Retrospective cohort study of patients having obstetrical dating ultrasound (US) from 2011–2018 at a single academic medical center that offers TOP. Contemplators completed US with intention of TOP but instead continued the pregnancy to live birth. A 2:1 group of non-contemplators completed US and continued to live birth. A prenatal care utilization scoring system was used to compare groups. Secondary outcomes investigated differences in adverse pregnancy outcomes and postpartum care.
There were 94 contemplators and 183 non-contemplators. Inadequate prenatal care utilization initially was more common in contemplators than non-contemplators (62.8% vs 85.8%, p < 0.01) but was not significant after adjustment (aOR 1.0, 95% CI 0.40 – 2.56). There were no differences in adverse obstetric or neonatal outcomes. Contemplators were significantly more likely to have a postpartum contraceptive method (PPCM) upon hospital discharge (aOR 4.8, 95% CI 1.16 – 20.0) and significantly more likely to use a highly-effective PPCM (aOR 6.4, 95% CI 2.34 – 17.4).
Reversal of intention for TOP is not associated with differences in prenatal care utilization, but is associated with increased uptake of postpartum contraceptive method.

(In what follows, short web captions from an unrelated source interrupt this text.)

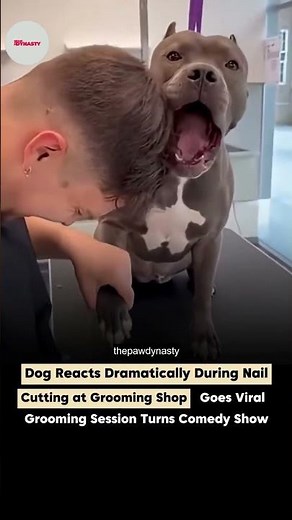 Dramatic Dog Goes Viral During Nail Trim 😂 Funniest Grooming Reaction Ever | Hilarious Dog Drama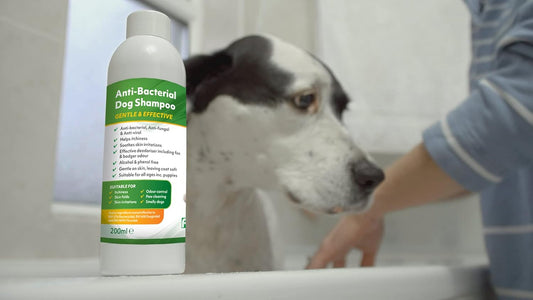 Aqueos Dog Shampoo | Antibacterial, Antiviral & Antifungal | Anti-Itch | Smelly Dogs | Itchy Dogs | Skin Irritations | Skin Soothing | 200 Ml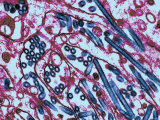 Avian Influenza H5N1 Strain Virus Chicken Fowl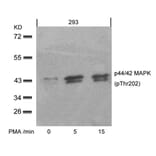 Western blot - p44/42 MAP Kinase (Phospho-Thr202) Antibody from Signalway Antibody (11245) - Antibodies.com
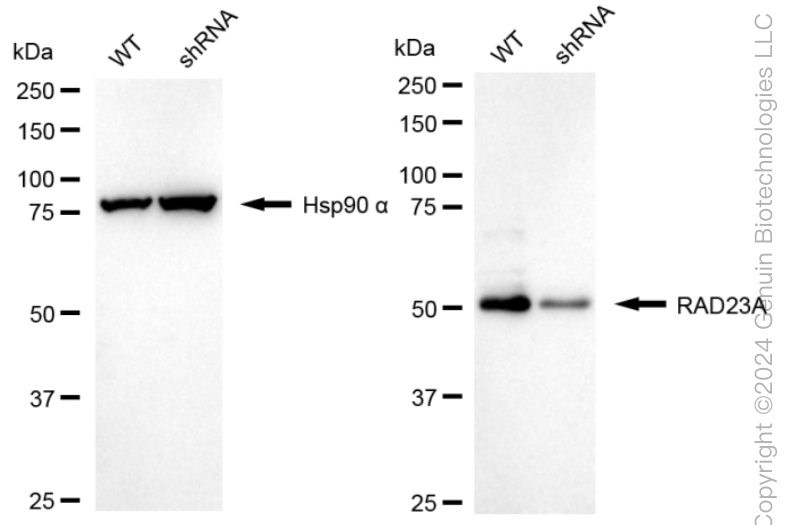 KD-Validated Anti-RAD23A Rabbit Monoclonal Antibody ABG1649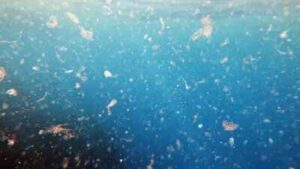 Tiny plastics in drinking water may help harmful bacteria form stronger biofilms that resist disinfectants, raising new concerns for water treatment systems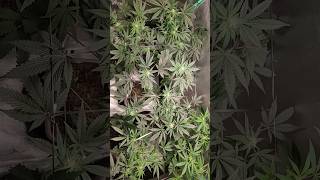 Day 52 Week 5 12-12 🐌 #spiderfarmerled #trending #viralvideo #sf1000 #plants #viral #today #cultivo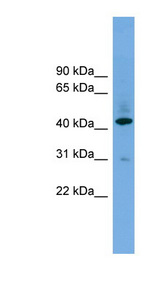 B4GALT2 antibody LS-C116268 Western blot of 293T cell lysate.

Excluding spontaneous abortions, 18.4% of pregnancies in the United States in 2017 ended in therapeutic abortion . While abortions are common and legal in the US, there are still many barriers that pregnant people face in accessing abortion care, including lack of insurance coverage, not knowing how to obtain care, inability to afford or coordinate transportation, missed wages, misinformation or delays in access arising from crisis pregnancy centers, and policy-related barriers restricting access [2,3,4,5]. Between 7.2% and 11% of pregnant people considering termination ultimately continue their pregnancies [6, 7]. This number includes pregnant people facing policy-related financial or logistical barriers to accessing abortion care, 2% of pregnant people who are denied care due to having a gestational age beyond their clinic’s limit (turnaways) and 2–8% of pregnant people who decide not to get an abortion due to changes in their own personal decision-making [4, 6,7,8].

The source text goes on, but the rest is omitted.